| I included a lot of links to my previous posts over ten years explaining what it means in lots of detail with many different words and numerous examples and citations. Did you read any of them? Did you read my other explanation below that I just wrote personally for your benefit? Does it make any sense to you? Do you understand what I mean now, or do you need me to give you some more citations of other times I've written the same thing, because there are more. What was unclear, and did I leave anything out? Do you have any more questions I haven't answered time and again and already gave you links to but you just didn't bother reading?

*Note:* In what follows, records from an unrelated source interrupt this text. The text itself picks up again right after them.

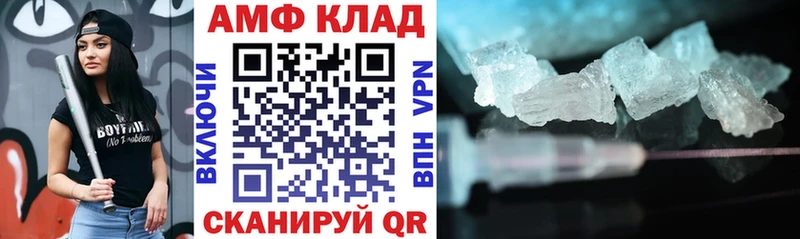 Купить закладки  Дегтярск  АМФ 97% 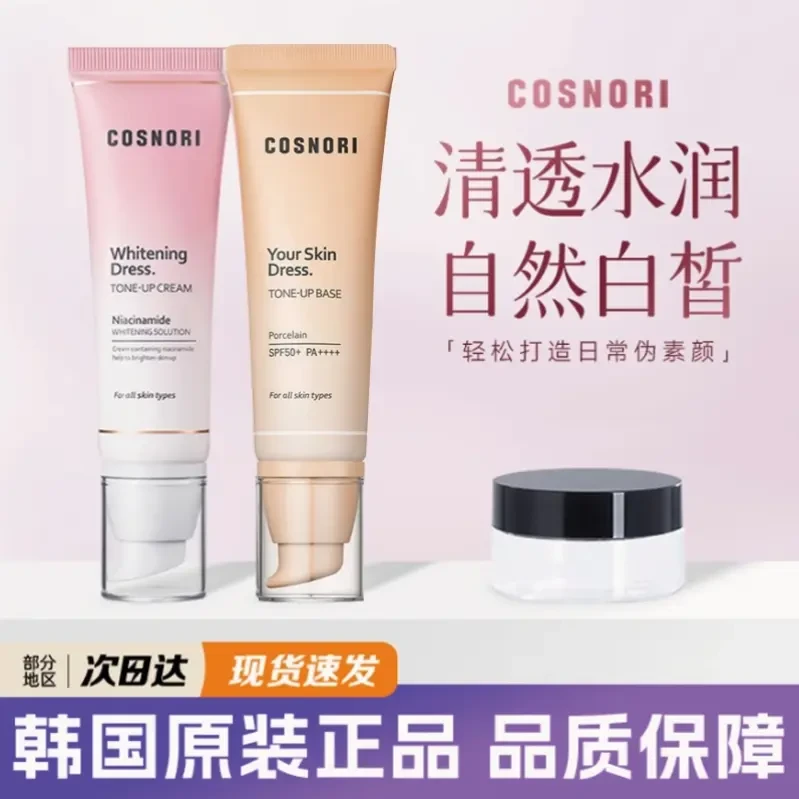韩国cosnori素颜霜原版酷丝诺丽分装隔离提亮自然懒人面霜试色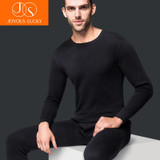 JOYOUS LUCKY Men's Cotton Thin Section Thermal Underwear Men Long Johns Cotton Suit Round Neck Youth Underwear Sets Foundation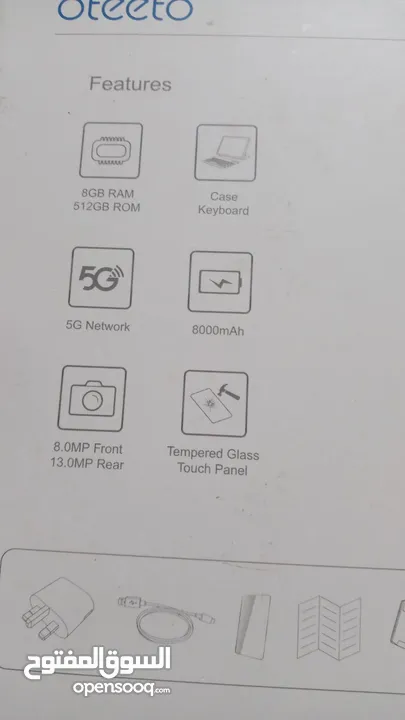تابلت 14 اوتيتو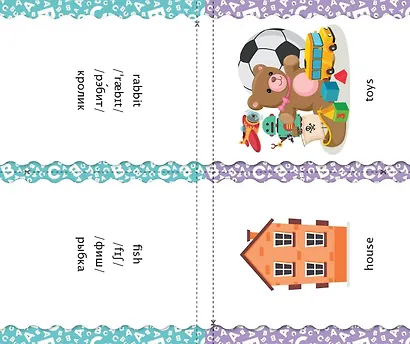 Первые английские слова - фото 5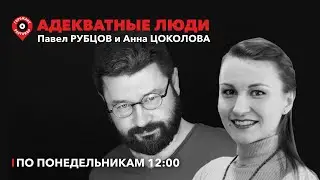 Адекватные люди / Весеннее обострение / 01.04.2024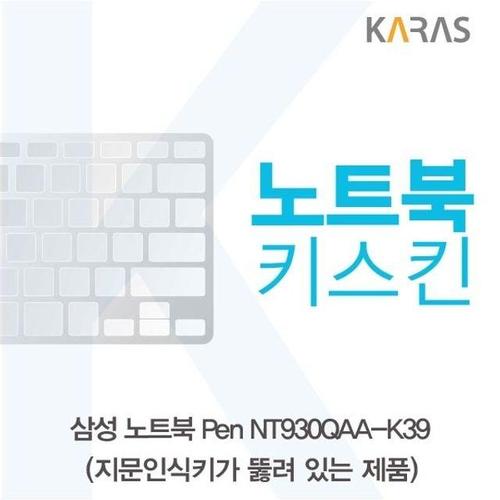 주식회사 금수저몰 삼성 노트북 Pen NT930QAA-K39(A타입)용 노트북키스킨 키커버 W16BBD2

It's exasperating and insulting that you blithely dismiss what I wrote without saying what you disagree with or can't understand, but I promise you, it really is easy to understand and extremely obvious on its face, if you will just take the time to read what I wrote, before complaining you don't know what it means. If you have time to complain, then you have time to read what I wrote and linked to, before complaining you don't know what it means. If you're too busy to read, then please don't waste your and my time complaining you don't understand what you didn't bother to read. |
My experience with making an app work consistently across browsers is that it's hard work. Making it also work consistently with each OS it runs on is considerably harder. You want to guess how many times I've been asked to even consider either of those two things by a manager, let alone make them a priority? Never.
And going by my experience as a user of browser-based software, I'd say that's pretty normal across the industry.
And that's to say nothing of the fact that these apps are typically slow, cumbersome (by which I mean they throttle my CPU and drain my laptop battery), and crash no less frequently than unsafe apps written in unsafe languages like C (despite the fact that that's supposed to be impossible).
It seems to me that you want to rewrite the world in the browser. That doesn't seem very different to me from rewriting the world in Wayland. Whatever the differences between the two, they are insignificant besides the fallacy of rewriting the world.
As for the rest of your reply, I have no idea why you think I owe you however much time it would take me to read however many links you posted above. If you have something relevant to say, say it in the thread. Don't presume to leave it for me as a homework assignment.